PROVIDED RECORDS Block Start

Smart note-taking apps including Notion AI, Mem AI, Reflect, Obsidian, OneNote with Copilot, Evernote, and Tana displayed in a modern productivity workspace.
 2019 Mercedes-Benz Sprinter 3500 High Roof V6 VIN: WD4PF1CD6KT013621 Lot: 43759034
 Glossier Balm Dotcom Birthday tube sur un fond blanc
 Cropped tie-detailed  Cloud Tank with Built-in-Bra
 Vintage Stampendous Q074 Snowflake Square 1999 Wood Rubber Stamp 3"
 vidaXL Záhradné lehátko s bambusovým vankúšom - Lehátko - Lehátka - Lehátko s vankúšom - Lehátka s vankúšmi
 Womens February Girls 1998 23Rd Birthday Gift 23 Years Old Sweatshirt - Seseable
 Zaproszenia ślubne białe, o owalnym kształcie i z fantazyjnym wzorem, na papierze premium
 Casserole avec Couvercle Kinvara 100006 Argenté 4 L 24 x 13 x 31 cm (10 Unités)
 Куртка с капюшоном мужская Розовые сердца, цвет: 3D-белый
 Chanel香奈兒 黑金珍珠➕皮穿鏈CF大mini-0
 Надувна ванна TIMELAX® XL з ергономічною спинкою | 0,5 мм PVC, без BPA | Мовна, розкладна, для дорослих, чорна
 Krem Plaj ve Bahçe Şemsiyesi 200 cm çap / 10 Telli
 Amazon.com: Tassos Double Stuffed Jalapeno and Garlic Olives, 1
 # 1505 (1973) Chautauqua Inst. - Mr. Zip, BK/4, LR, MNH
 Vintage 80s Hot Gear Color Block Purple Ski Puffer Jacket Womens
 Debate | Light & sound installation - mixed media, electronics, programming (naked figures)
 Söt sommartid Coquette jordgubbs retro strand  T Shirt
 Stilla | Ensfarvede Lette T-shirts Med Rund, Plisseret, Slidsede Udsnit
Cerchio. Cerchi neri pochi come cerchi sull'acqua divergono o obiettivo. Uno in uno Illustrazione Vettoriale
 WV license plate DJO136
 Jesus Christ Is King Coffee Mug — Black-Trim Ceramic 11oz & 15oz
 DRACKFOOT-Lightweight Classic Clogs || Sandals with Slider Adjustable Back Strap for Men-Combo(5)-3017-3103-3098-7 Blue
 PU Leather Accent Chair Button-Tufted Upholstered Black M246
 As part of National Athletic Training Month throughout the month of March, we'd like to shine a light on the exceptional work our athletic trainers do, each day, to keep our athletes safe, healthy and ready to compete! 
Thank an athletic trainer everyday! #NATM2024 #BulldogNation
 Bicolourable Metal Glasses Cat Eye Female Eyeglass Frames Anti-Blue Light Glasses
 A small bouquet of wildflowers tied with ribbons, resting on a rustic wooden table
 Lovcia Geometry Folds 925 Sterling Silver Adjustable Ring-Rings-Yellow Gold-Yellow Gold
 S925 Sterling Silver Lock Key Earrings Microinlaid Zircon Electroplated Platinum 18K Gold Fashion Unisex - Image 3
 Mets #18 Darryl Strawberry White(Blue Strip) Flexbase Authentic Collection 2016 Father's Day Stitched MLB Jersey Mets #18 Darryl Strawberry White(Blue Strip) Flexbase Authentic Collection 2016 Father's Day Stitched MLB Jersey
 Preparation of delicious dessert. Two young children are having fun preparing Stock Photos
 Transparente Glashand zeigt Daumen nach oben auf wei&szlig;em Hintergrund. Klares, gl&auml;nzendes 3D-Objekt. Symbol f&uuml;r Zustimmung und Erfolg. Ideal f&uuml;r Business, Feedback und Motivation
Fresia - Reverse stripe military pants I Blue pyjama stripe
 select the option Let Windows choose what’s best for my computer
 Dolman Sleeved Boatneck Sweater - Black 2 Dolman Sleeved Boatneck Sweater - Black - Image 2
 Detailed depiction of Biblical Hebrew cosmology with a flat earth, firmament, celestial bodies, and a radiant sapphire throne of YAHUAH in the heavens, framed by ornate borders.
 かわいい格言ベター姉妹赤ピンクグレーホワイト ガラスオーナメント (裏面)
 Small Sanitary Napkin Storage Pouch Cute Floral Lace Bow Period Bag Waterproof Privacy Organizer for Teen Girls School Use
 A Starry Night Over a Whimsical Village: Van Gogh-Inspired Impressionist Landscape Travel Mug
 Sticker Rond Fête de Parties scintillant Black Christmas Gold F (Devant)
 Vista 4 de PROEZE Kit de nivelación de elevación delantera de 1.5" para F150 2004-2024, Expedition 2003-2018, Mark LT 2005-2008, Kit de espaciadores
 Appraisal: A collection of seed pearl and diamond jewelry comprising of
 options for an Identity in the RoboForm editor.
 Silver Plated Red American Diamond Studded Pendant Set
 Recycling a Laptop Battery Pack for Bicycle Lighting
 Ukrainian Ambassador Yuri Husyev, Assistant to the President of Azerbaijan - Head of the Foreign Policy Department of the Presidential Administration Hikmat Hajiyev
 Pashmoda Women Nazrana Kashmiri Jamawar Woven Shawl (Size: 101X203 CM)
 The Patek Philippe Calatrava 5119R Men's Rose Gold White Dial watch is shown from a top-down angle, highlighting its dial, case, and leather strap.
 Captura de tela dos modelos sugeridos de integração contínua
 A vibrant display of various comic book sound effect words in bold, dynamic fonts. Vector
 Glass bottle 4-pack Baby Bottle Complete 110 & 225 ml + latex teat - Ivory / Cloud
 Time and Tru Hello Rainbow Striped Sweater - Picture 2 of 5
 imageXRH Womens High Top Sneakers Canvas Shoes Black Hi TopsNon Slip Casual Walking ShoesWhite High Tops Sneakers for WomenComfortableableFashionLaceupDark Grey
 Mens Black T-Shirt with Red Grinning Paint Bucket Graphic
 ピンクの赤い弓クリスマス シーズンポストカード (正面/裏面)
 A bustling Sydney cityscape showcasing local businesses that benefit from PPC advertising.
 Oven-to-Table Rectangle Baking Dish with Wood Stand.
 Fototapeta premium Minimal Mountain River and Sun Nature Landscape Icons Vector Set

PROVIDED RECORDS Block End

_TASK TO CARRY OUT_
Look through the data above and return each line where the string "Landscape" occurs.

_REPLY TO THE EXERCISE_
 A Starry Night Over a Whimsical Village: Van Gogh-Inspired Impressionist Landscape Travel Mug
 Fototapeta premium Minimal Mountain River and Sun Nature Landscape Icons Vector Set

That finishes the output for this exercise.